TASK PROMPT:
Taking the line with "Scientist's hands holding" as the first and the last line of the listing as the final one, please copy exactly those lines and no others, without pictures.

DATA FOR THE TASK:

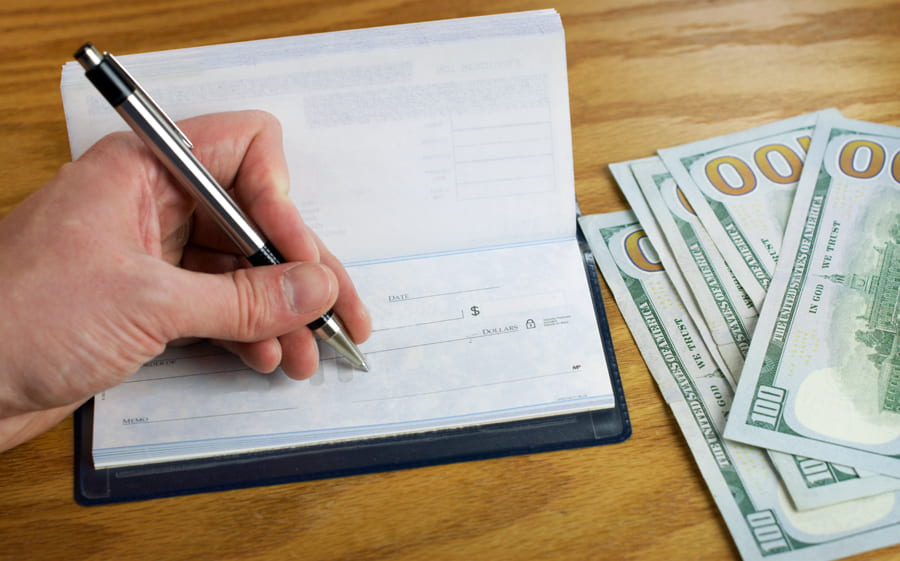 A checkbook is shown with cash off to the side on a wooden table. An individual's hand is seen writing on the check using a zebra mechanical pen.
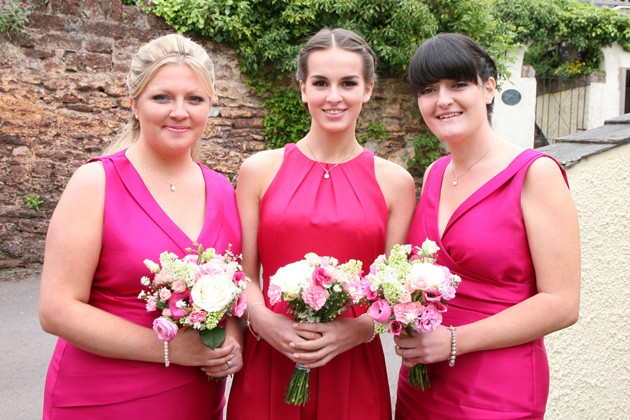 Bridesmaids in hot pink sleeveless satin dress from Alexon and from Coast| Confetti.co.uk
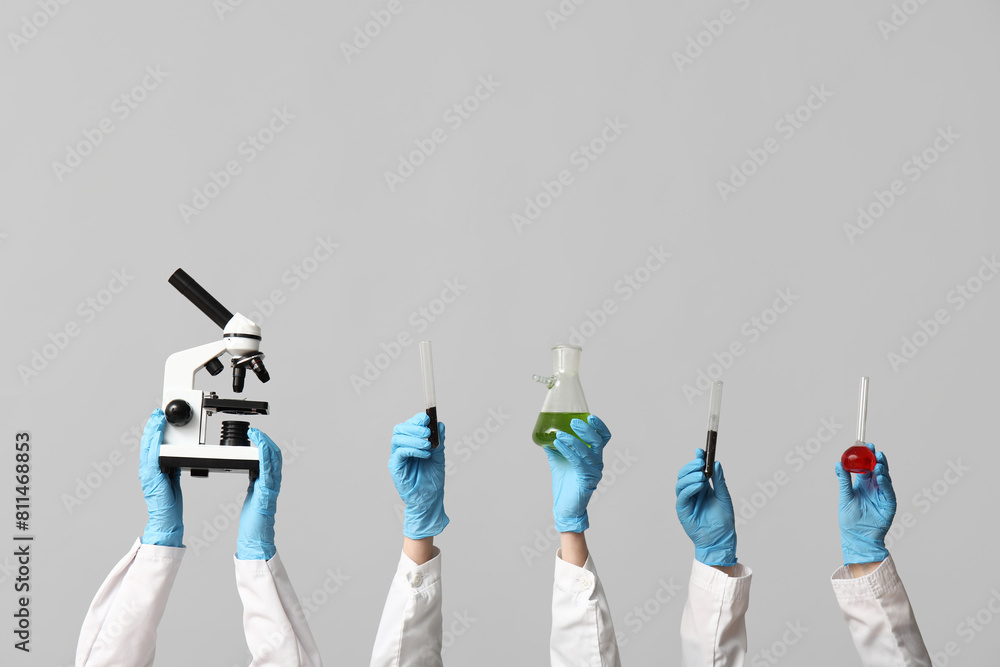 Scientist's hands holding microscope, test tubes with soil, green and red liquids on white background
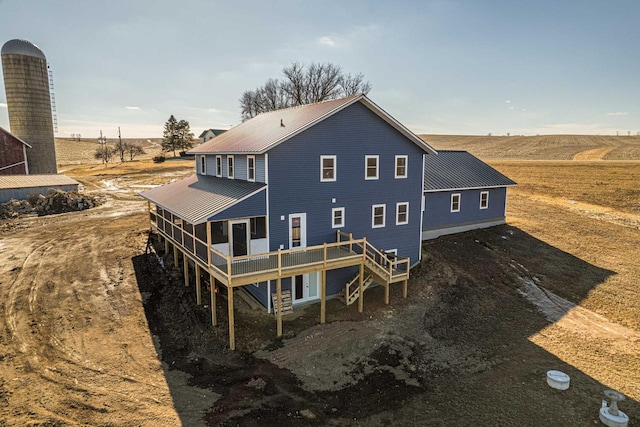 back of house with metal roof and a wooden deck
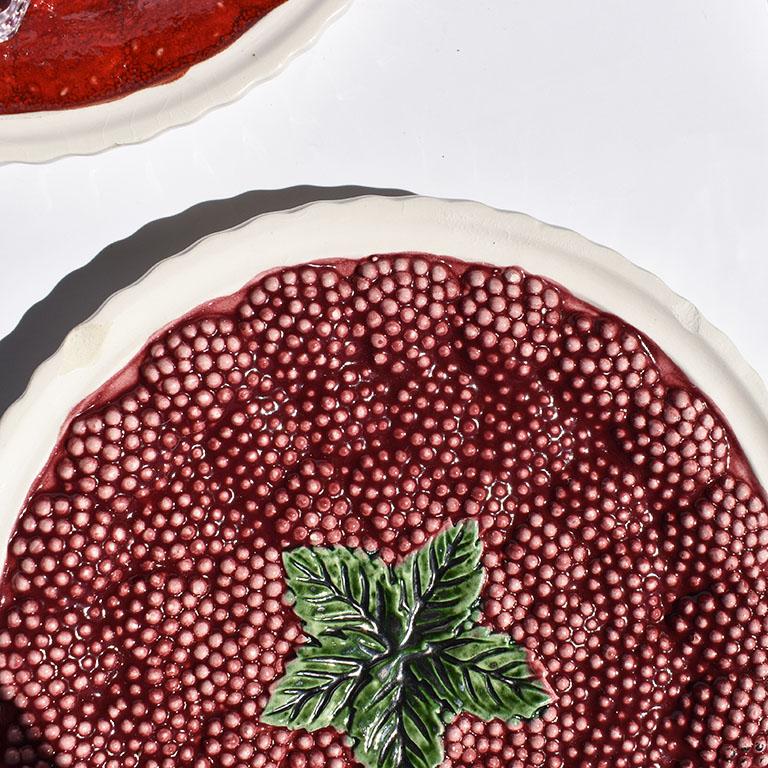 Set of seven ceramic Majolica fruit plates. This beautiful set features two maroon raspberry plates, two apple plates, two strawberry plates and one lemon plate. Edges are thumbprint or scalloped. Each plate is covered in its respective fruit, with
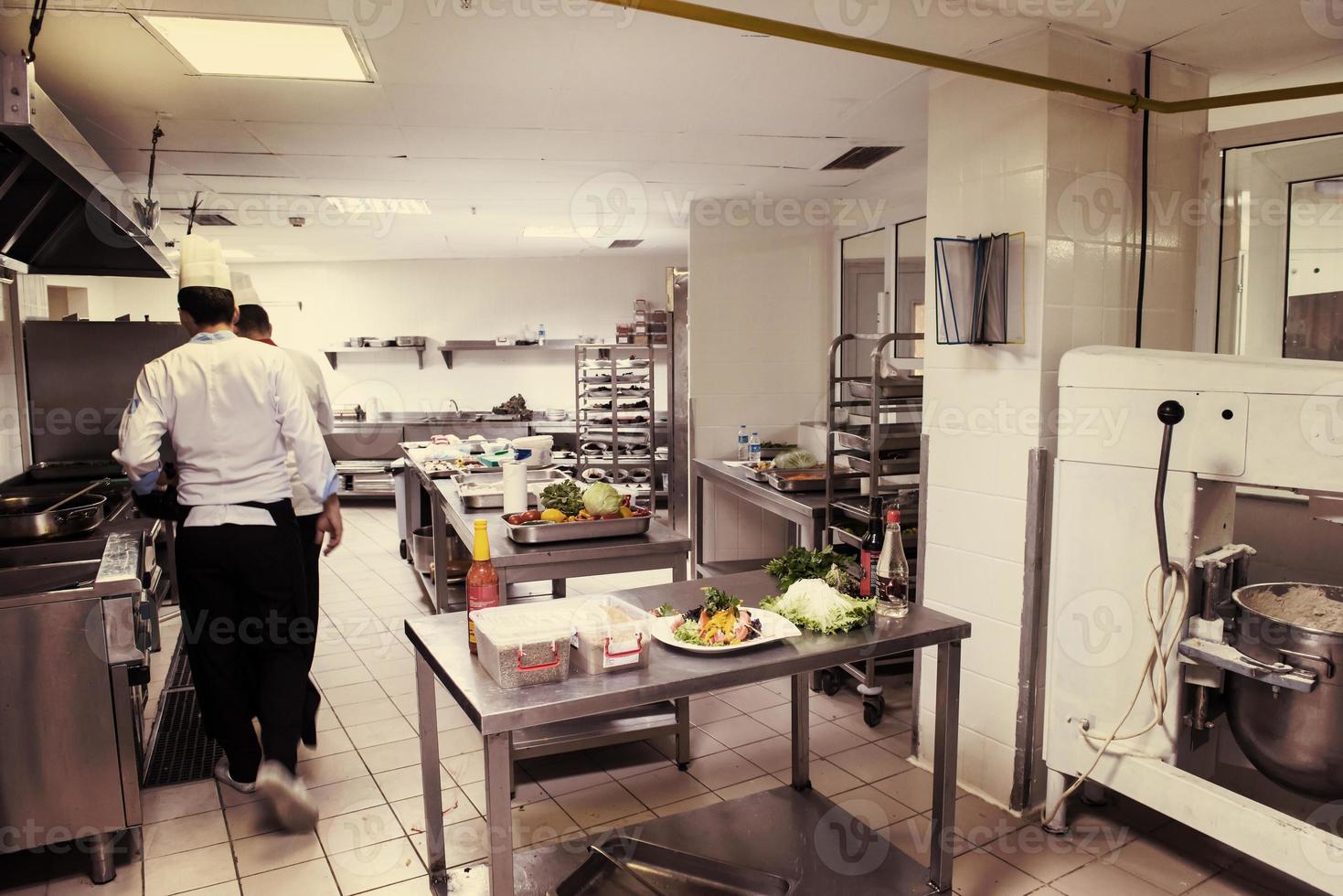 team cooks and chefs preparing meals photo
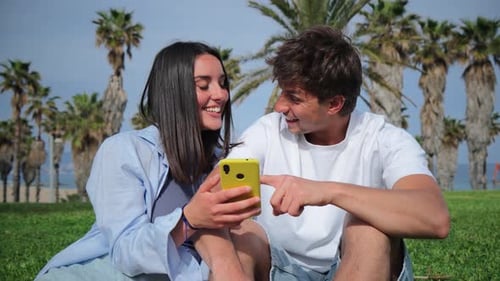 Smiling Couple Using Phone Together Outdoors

ANSWER BELOW:
 Scientist's hands holding microscope, test tubes with soil, green and red liquids on white background
 back of house with metal roof and a wooden deck
 Set of seven ceramic Majolica fruit plates. This beautiful set features two maroon raspberry plates, two apple plates, two strawberry plates and one lemon plate. Edges are thumbprint or scalloped. Each plate is covered in its respective fruit, with
 team cooks and chefs preparing meals photo
 Smiling Couple Using Phone Together Outdoors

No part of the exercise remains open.